Content

About this project

GPU friendly code

DEMO of theoretical concept	Jacobian
DEMO 2	Jacobian2
DEMO 3	Newton-Kaczmarz vs. Gauss-Newton

Unfortunately, GPU code can't be very sophisticated and handle deep structures of nested objects. But GPUs are effective in processing concurrent loops on mutually exclusive data segments. On that reason the choice for GPU friendly algorithms usually evolves around family of Gauss-Newton methods. There are different flavors of them and the principal idea is collecting concurrently large system of linear algebraic equations $$ J \Delta \beta = \Delta R $$ and solving them for large data segments. $\Delta R$ is vector of residuals, computed for particular model parameters' denoted by $\beta$ and large enough subset of the training data, and $J$ is Jacobian matrix. The method is very well explained in a literature and there is no needs to repeat it here.
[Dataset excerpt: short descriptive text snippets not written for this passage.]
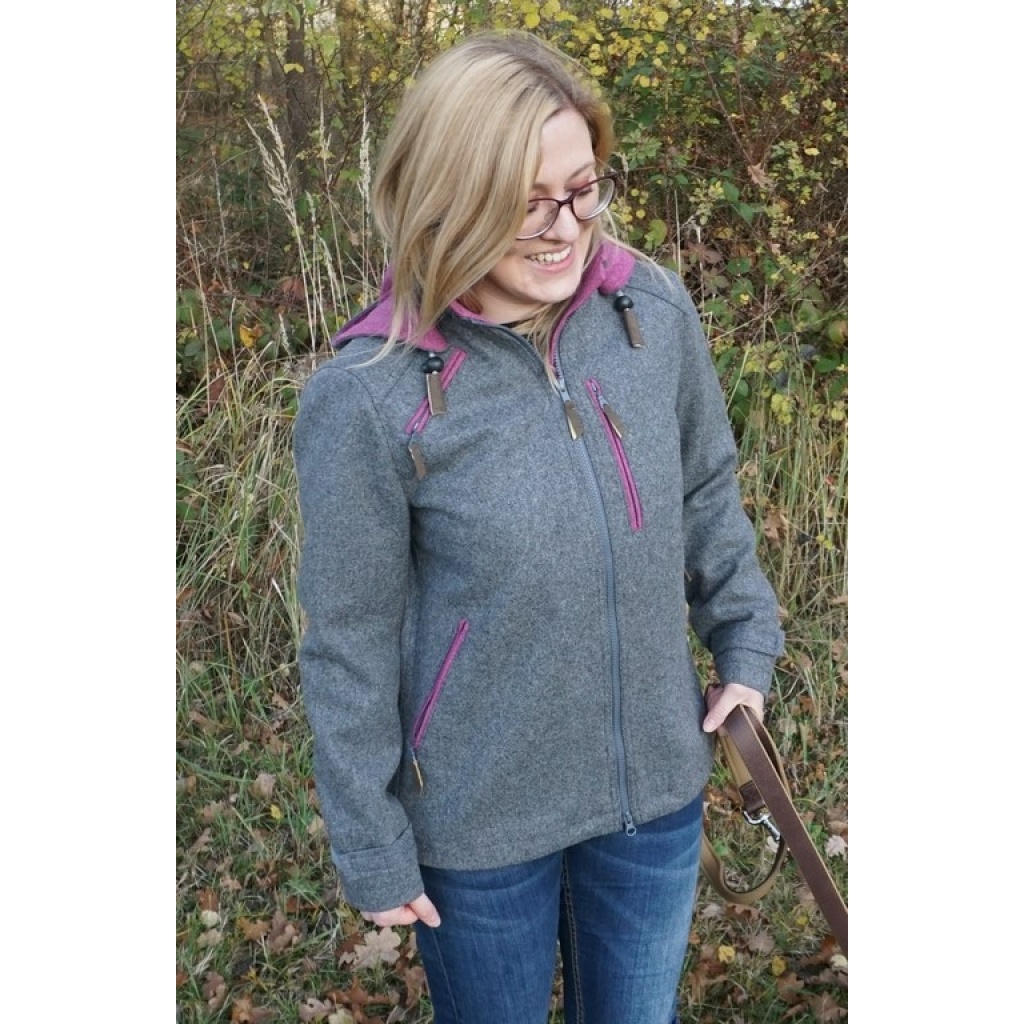 Lodenjacke Artemis Outdoor Grau-Beere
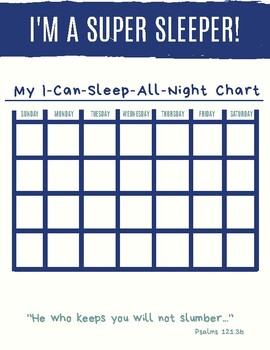 sleep chart template
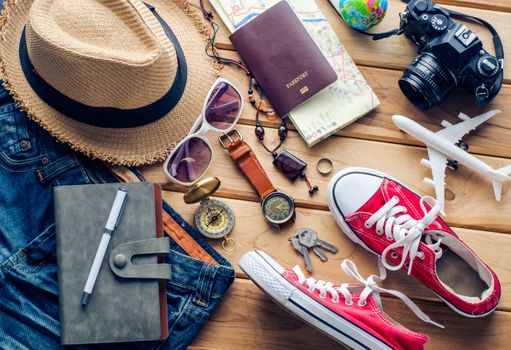 Travel Clothing accessories Apparel along for the trip
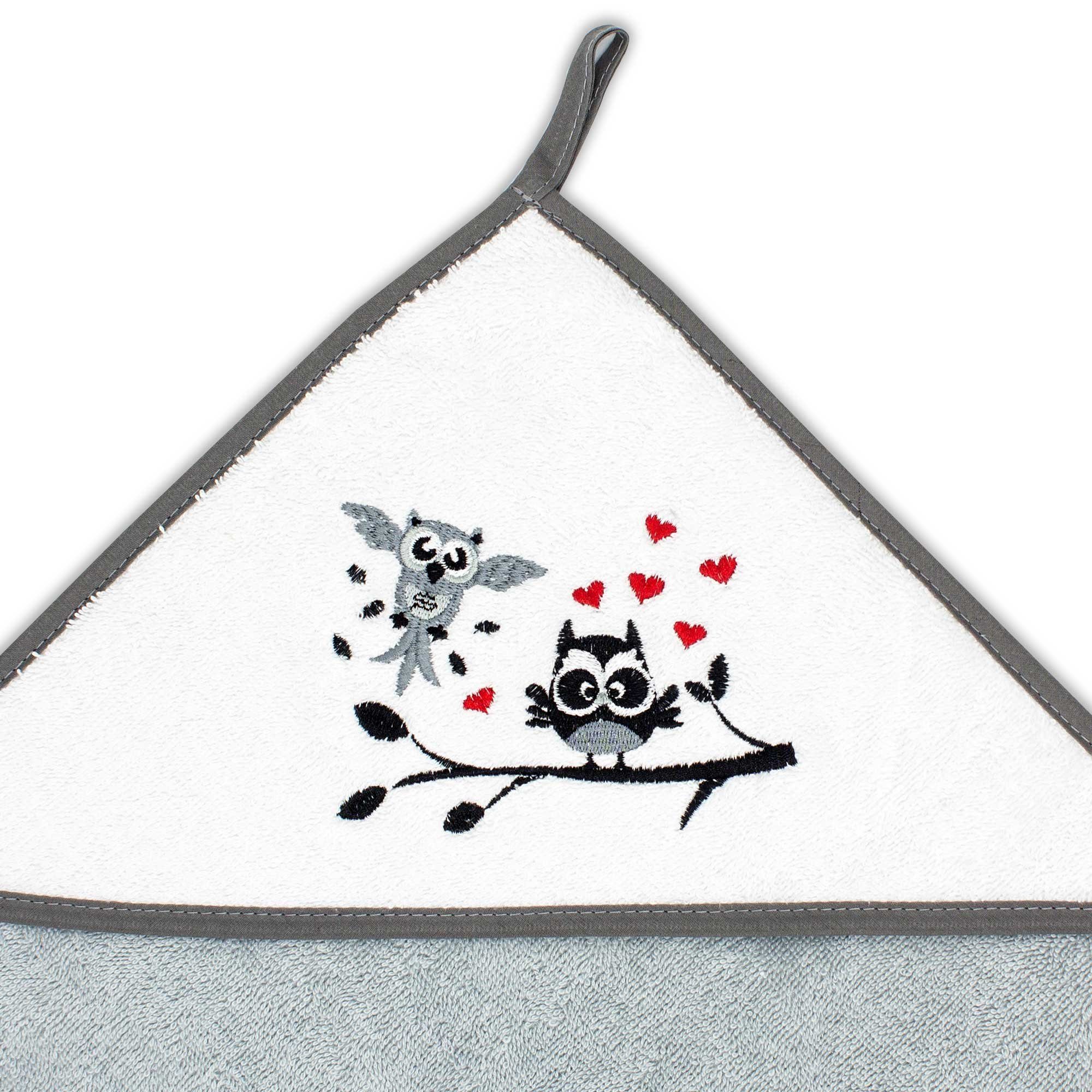 Babykajo Kapuzenhandtuch, Frottee (1-St), Baby Handtuch kuschlig weich mit besticktem Motiv!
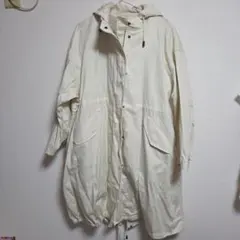 EARTH アイボリーモッズコート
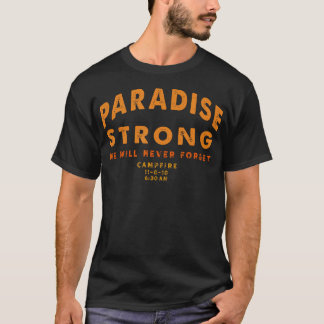 パラダイスストロングsキャンプファイアビュットストロング tシャツ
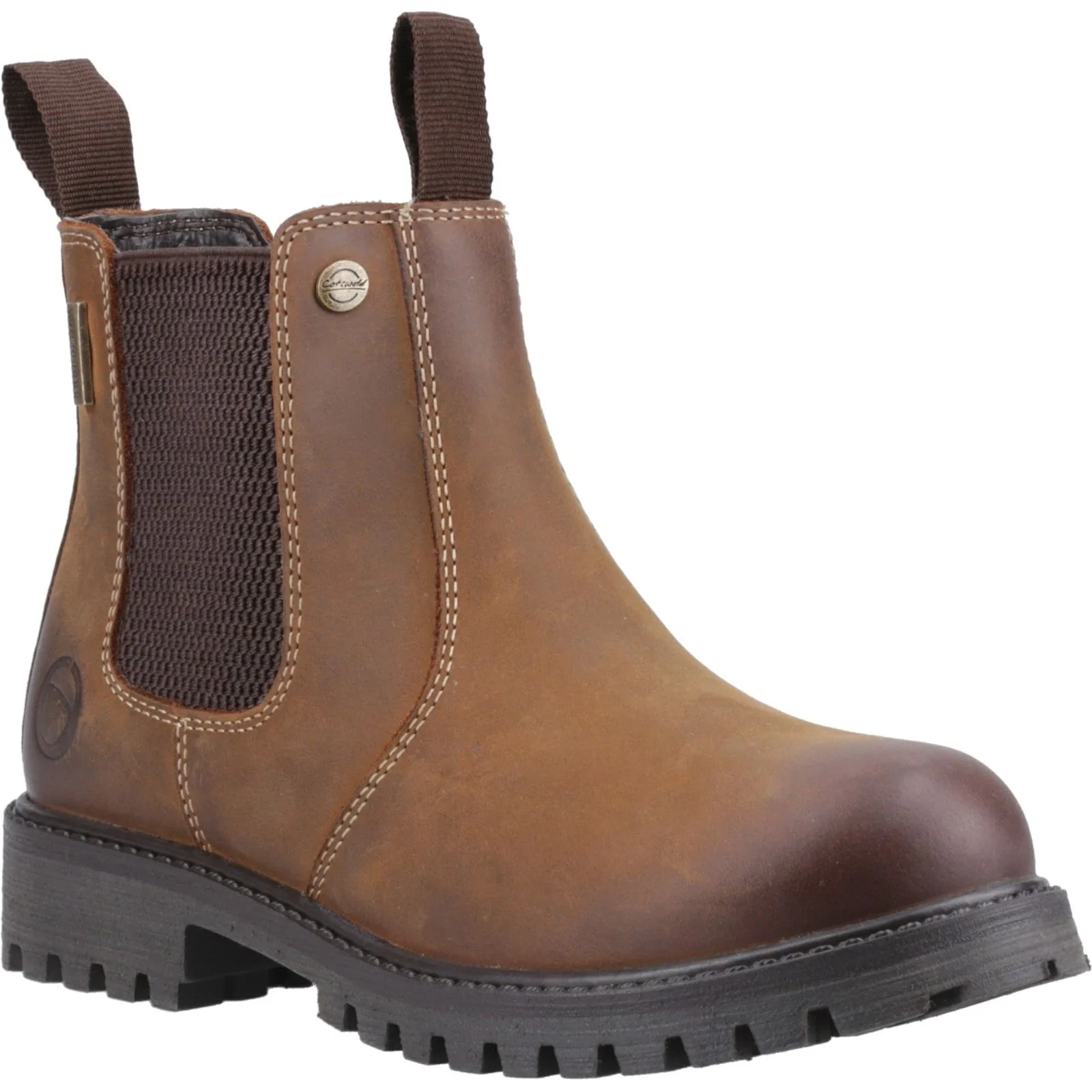 Cotswold Junior Kids Aston Pull On Dealer Boot Tan - Image 5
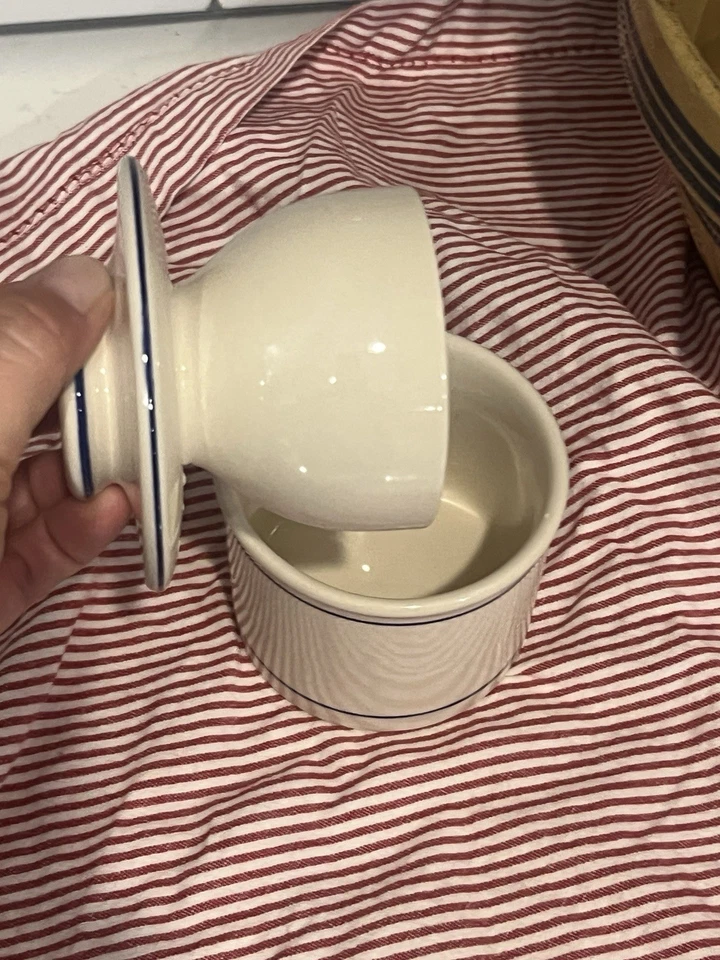 Campana de mantequilla blanca y azul Foto 4 de 4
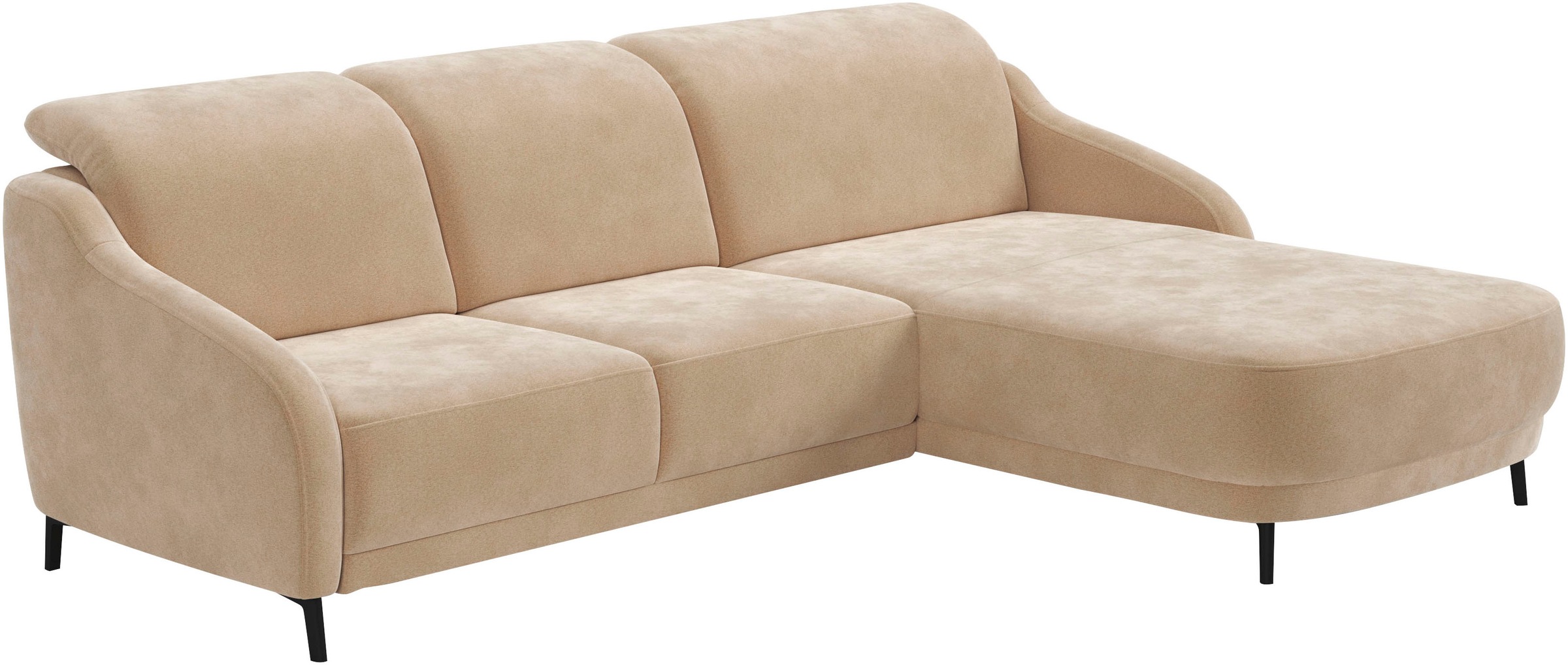 sit&more Ecksofa »Blues L-Form« wahlweise mit Klapptisch und USB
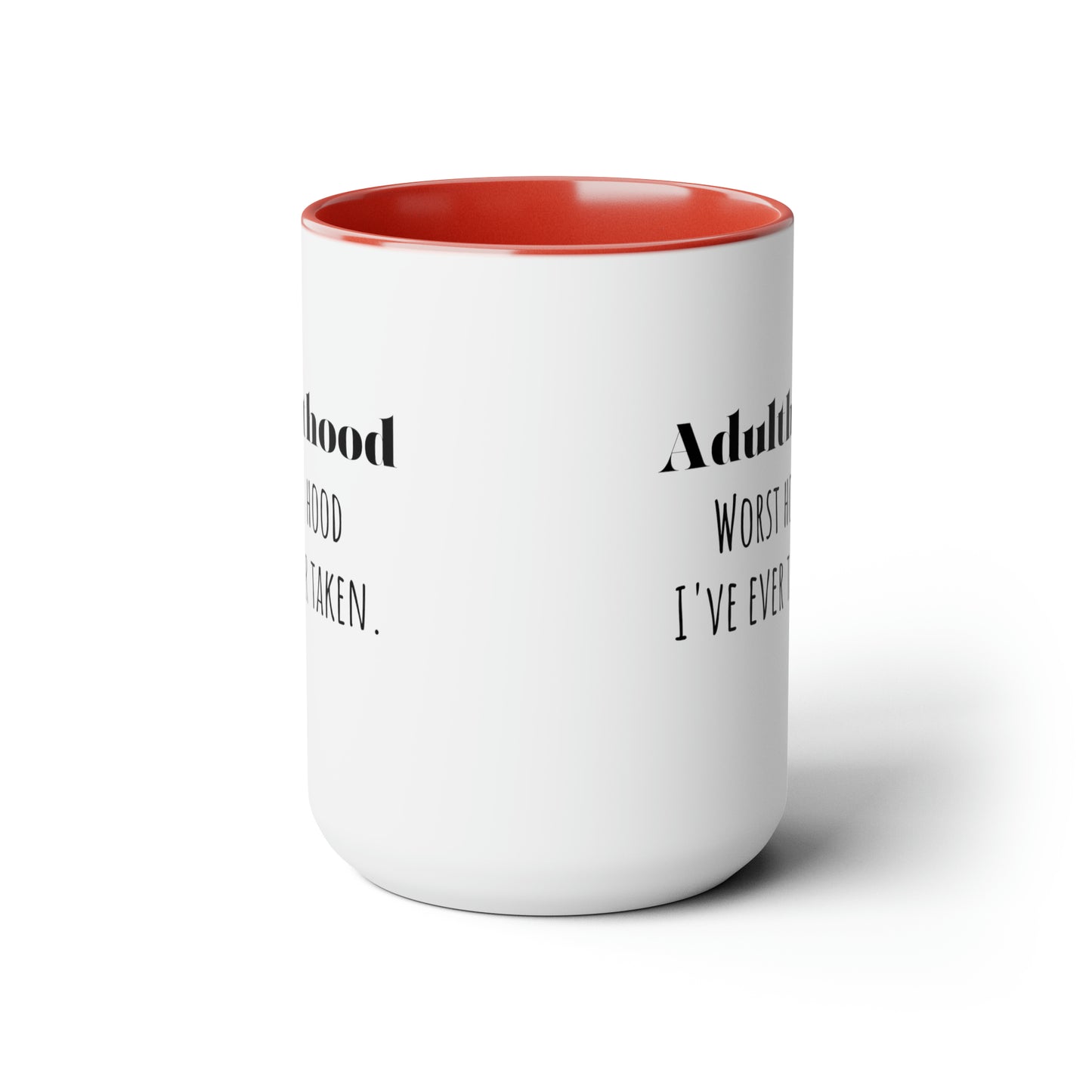 Adulting mug funny adulthood mug bestie gift Valentine's Day gift for her mug custom message gift gift for him Coffee Mug Coffee tea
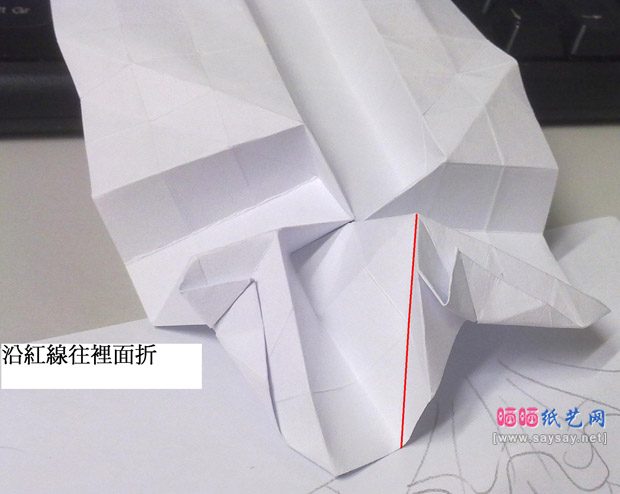 有趣的玫瑰花心手工折纸实拍教程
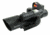Tacfire 2.5-10X40 Dual Ill. Green Laser Scope w/Mini-Red Dot/Adaptor/Mil-Dot, Black SCGL251040M-D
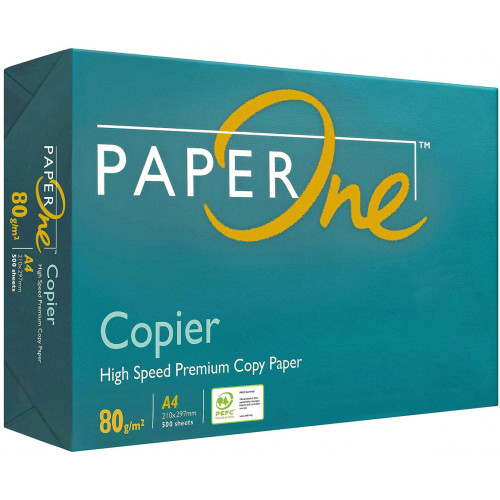Paperone Green Wrap A4 80gsm White 160Cie Premium Paper Ream 500 PEFC Certified - 50 Reams (10 Boxes)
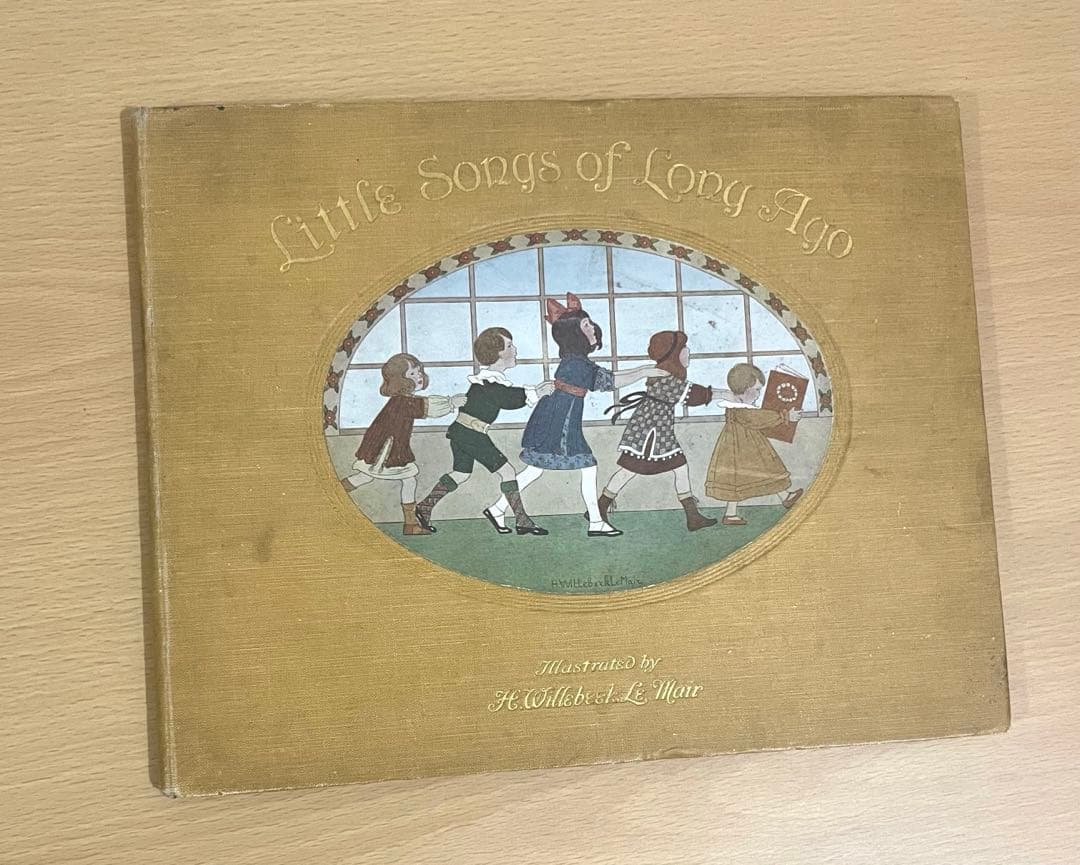 No375 希少 アンティーク洋書 古書 ルメール 絵本 児童書 オランダ 童謡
Room for counter-intuitive tricks

The common sense tells us that anything straight forward and primitive is not very effective. In this particular case it appeared to be true. Straight forward assembling matrix and solving system appeared to be 10 times slower than Newton-Kaczmarz method. We need at least 15 concurrent threads for assembling matrix concurrently only to approach to Newton-Kaczmarz performance.

However, some time later I found few coding tricks that made this method faster than Kaczmarz even in case of sequential processing. I demo it on a single Urysohn object. Below is print out

Initial relative RMSE for validation set 0.219072
Relative RMSE for validation set after Gauss-Newton step 0.000371, training time 0.004000
Relative RMSE for validation set after 16 Newton-Kaczmarz steps 0.000548, training time 0.006000

and Gauss-Newton is quicker and more accurate even without threading, so concurrent processing can improve it significantly.

What can be done

Multi layered KAN

Multi layered KAN is the tree of nested functions, so the chain rule of taking derivatives is applied, anything else is the same. The sample of elementary two layer KAN is on the second link on the top.

Demo for realistic case

It is DEMO 3 at the top. The dataset is 10 000 records, features are random $3 \times 3$ matrices, targets are determinants. All operations are assembling of large matrix, which can be done concurrently for each record. Solution of system of linear equations, which can be done concurrently as well and update model parameters.

I did not use threading or GPU code to keep everything clear for end users. It all implemented in a single processor and on that reason it is about 8 times slower than Kaczmarz. Obviously, using CPU threading will not beat Kaczmarz significantly and GPU code is needed. This DEMO actually shows GPU friendly code.

April 6, 2025